City Manager Steve Barwick and Pryor said they did not believe Hutchings presented any risk to the public.

“You can surmise that there may have been some public risk but there’s nothing to support that,” Pryor said.

Said Barwick: “More than likely, it appears he was not drunk on those occasions. I can’t imagine that someone who surpassed the legal limit for being drunk could be looked at by a police officer who was not able to tell. That’s what they’re trained to do.”

Both Barwick and Pryor stressed that if Hutchings or any other officer were intoxicated on the job that it would be a serious problem and public safety risk.

“If he was under the influence it wasn’t so far that anyone noticed,” said John Worcester, city attorney. “In fairness to Ron, we don’t know if he showed up drunk on those three prior occasions.”

The case has been handed over to District Attorney Martin Beeson, who said he will decide by next week whether to charge Hutchings. Potential charges are drunken driving or prohibited use of a weapon, as it is illegal to carry a firearm while intoxicated.

Hutchings was hired Aug. 21 by former Police Chief Loren Ryerson.
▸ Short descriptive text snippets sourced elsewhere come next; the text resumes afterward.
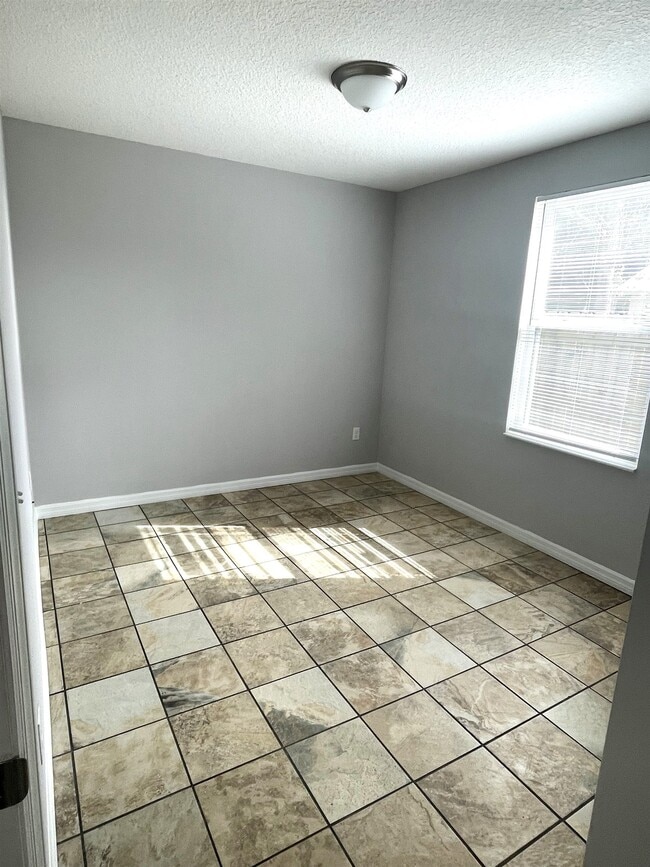 Photo - 63 N Whitney St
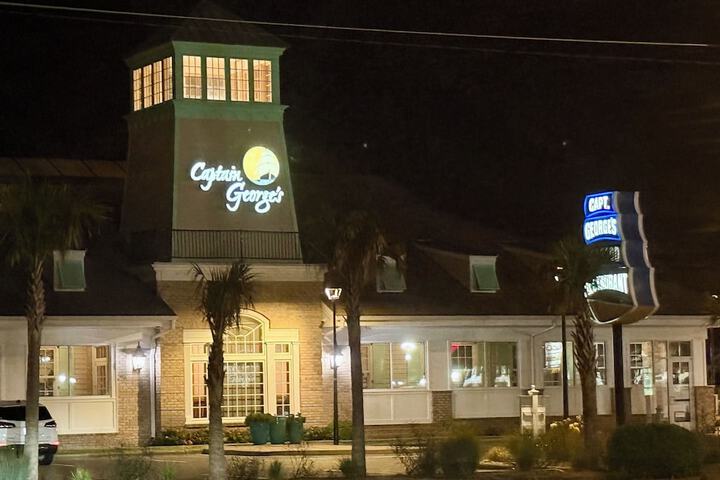 Ocean Sands Beach Boutique Inn - Stay at the Beach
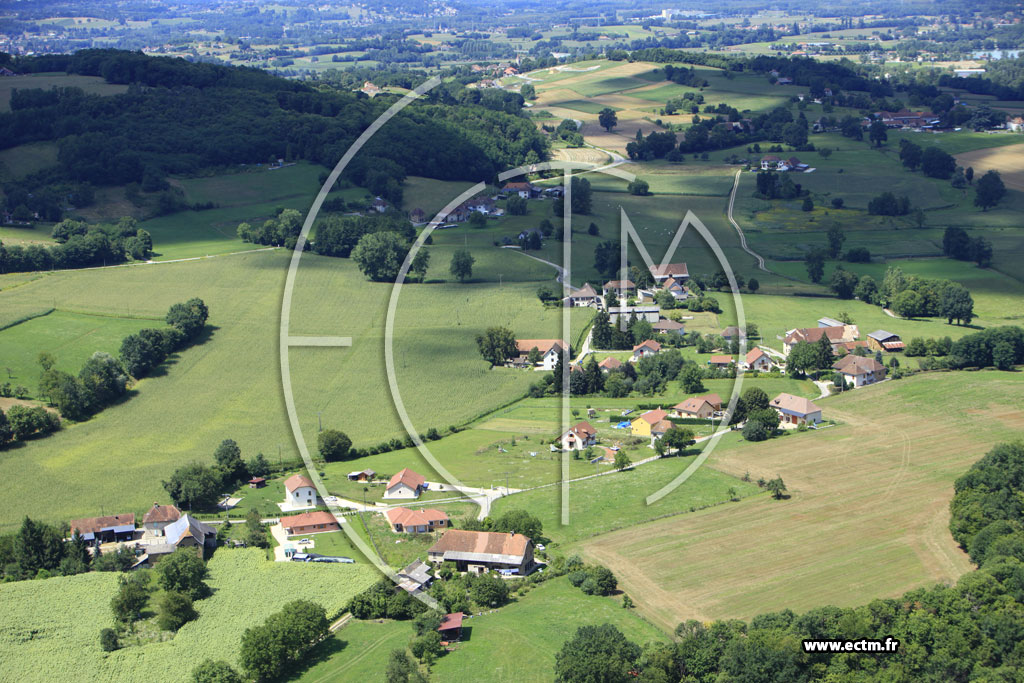 Photo arienne de Romagnieu (Chemin d'Avaux)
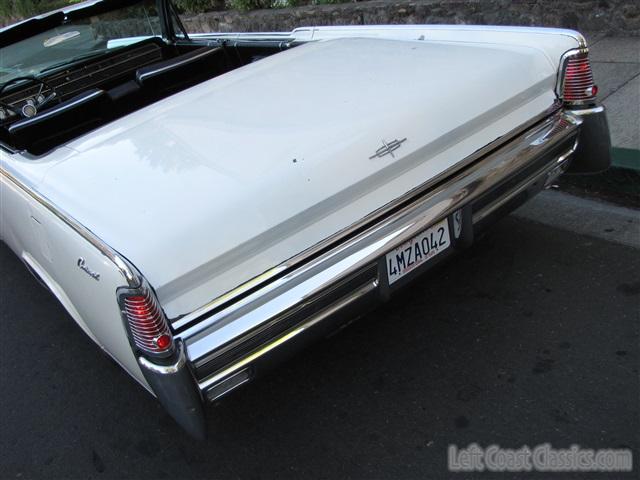 1965-lincoln-continental-convertible-091.jpg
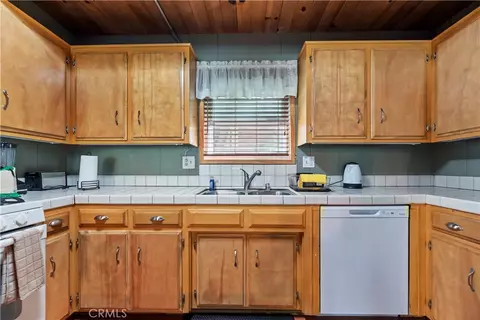 Kitchen - 32799 Badger Ln, Running Springs, CA 92382 photo 4 of 4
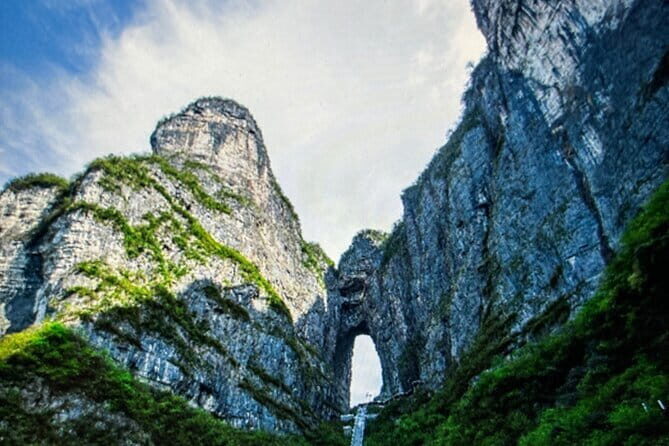 Zhangjiajie Private Transfer to Yichang or Vice Versa - Why This Transfer Might Be the Best Choice for You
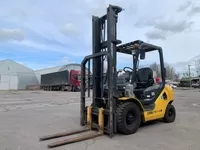 Вилочний автонавантажувач Komatsu, з бічним зсувом та щоглою 4.5 метри. - <ro>Изображение</ro><ru>Изображение</ru> #2, <ru>Объявление</ru> #1749035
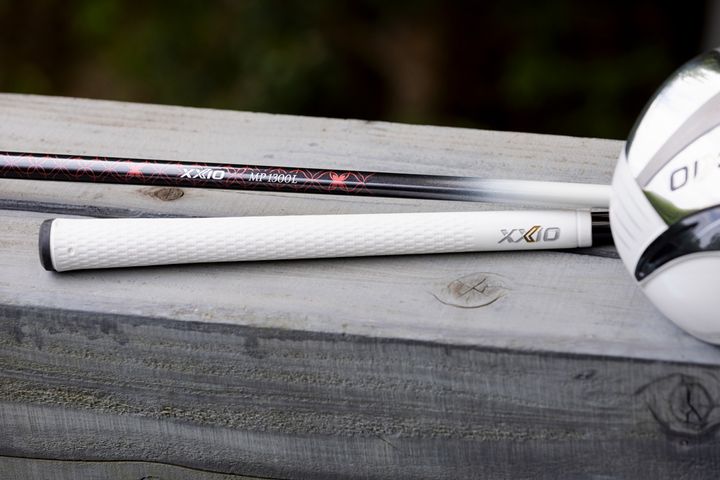 「次もうまく打てる」安心して飛ばせるパールホワイトなゼクシオ【試してみた！】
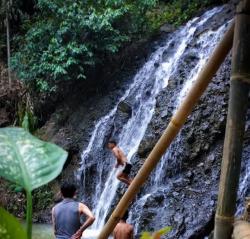 Pesona Tersembunyi Curug Lengka, Oase Ketenangan di Tapal Batas Cianjur-Bogor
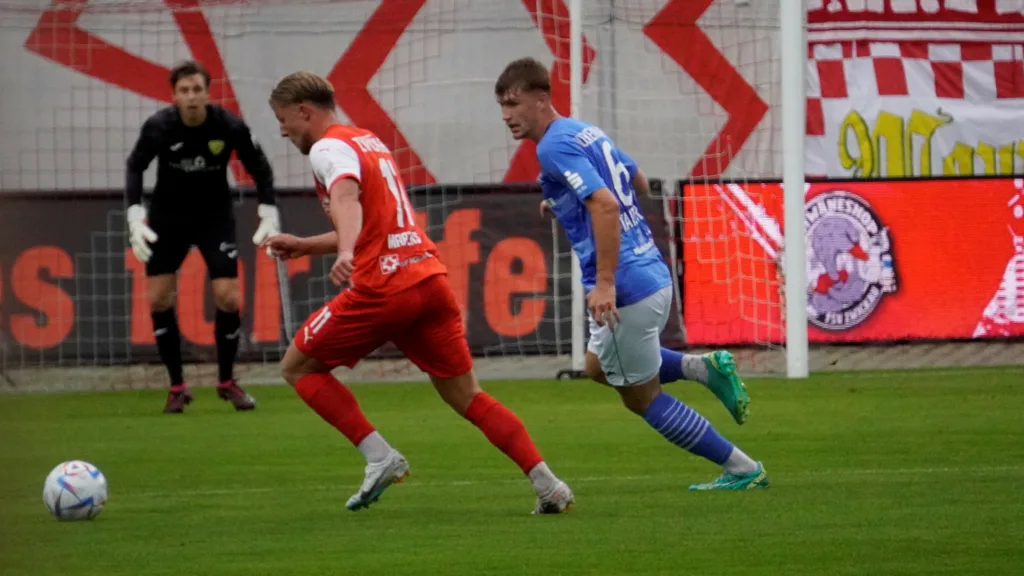 Intensives Fußballspiel mit Leidenschaft.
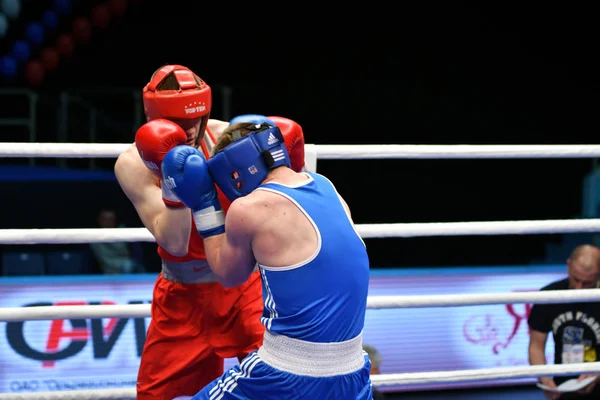Orenburg, Rusya - 7 Mayıs 2017: Çocuk boksörler arasında 1999-2000 yılları arasında Rusya Şampiyonası 'na katılan boksörler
He graduated from his three-month training period on Nov. 26 with good reviews from superiors, Pryor said.

All three times Linn smelled alcohol on Hutchings were between the end of Hutchings’ training period and the day he was fired, though Pryor could not provide specific dates.

Pryor already has talked with Linn about the first time Linn smelled alcohol and did not tell anyone of his suspicions. Linn faces no disciplinary action, Pryor said.

Pryor also said he is having a meeting Monday with all of the police sergeants to make sure everyone knows superiors should be notified of issues such as an officer possibly being intoxicated.

This incident is the latest in turbulent times for the Aspen Police Department; nearly a third of the department left in 2007, including Ryerson. Of the six new officers hired in 2007, Hutchings was fired and another resigned. The department still has two assistant chief positions and a detective position vacant. Pryor had not even been police chief for one month before he was faced with the decision on whether or not to fire Hutchings.

Hutchings did not return a telephone message seeking comment Wednesday.